Not only that, in his Opinion of July 3, 1967, Chief Justice Bell said: "Furthermore, Specter now takes

[ 426 Pa. Page 484]

    a position . . . diametrically opposite to the position which he (impliedly and necessarily) took in his brief and in his oral argument in Com. ex rel. Specter v. Freed, 424 Pa. 508." (Emphasis supplied.)

Justice Roberts in his opinion in the Specter v. Freed case also recalled that Specter said he was operating under the City Charter, namely, "His (Specter's) sole contention is that § 8-409 of the Philadelphia Home Rule Charter invests him with the subpoena power."

With these expressions of three Justices of the Court and with the recollection of others who were in the Courtroom at the time, I have no hesitation in stating that my ears did not betray me when they heard Mr. Specter say in November, 1966, that under the City Charter he was entitled to the subpoena powers for which he was contending. And I further have no hesitation in saying that Mr. Specter has attempted to deceive this Court and the people of Philadelphia in his Janus-like approach to this question as to whether his office of District Attorney does or does not come under the Philadelphia charter.
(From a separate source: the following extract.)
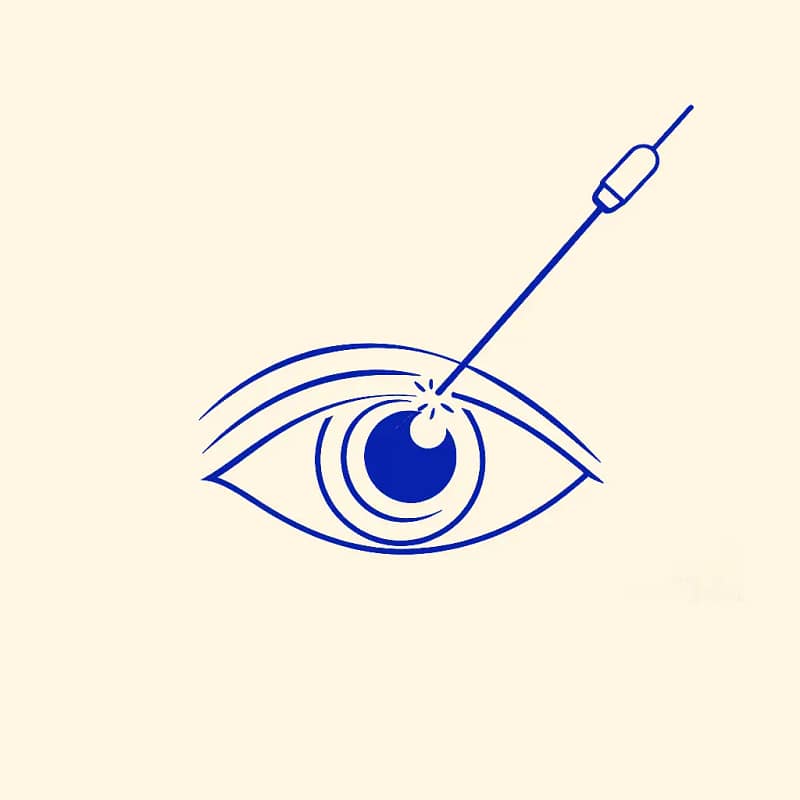 Icône d’un œil et d’un laser représentant la chirurgie réfractive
Specter's denial of what he said in November, 1966, places his credibility on the scales of appraisement. In seeking to determine his credibility in this litigation I refer to my Opinion filed in the case of Specter v. Martin on July 3, 1967. In that Opinion I referred to Specter's stupendous expedition which took him to Montreal to tour the Canadian World's Fair, without leaving his office or his home in Philadelphia. While still enjoying the shade under William Penn's hat on the tower of City Hall, he visited that world-renowned exposition on the banks of the St. Lawrence River. He did not restrict himself to generalities in describing that memorable visit. He did not merely post card a message: "Having a good time, wish you were here." He went into scientific and meticulous detail. He said

[ 426 Pa. Page 485]

    that he discovered that the World's Fair was "non-commercial" and projected "dignity and beauty and offers a wide range of subject matter that can best be categorized as the fulfillment of man's promise." Indeed, a splendid categorization, especially at a distance of 458 miles, without benefit of telescope, binoculars or ouija board!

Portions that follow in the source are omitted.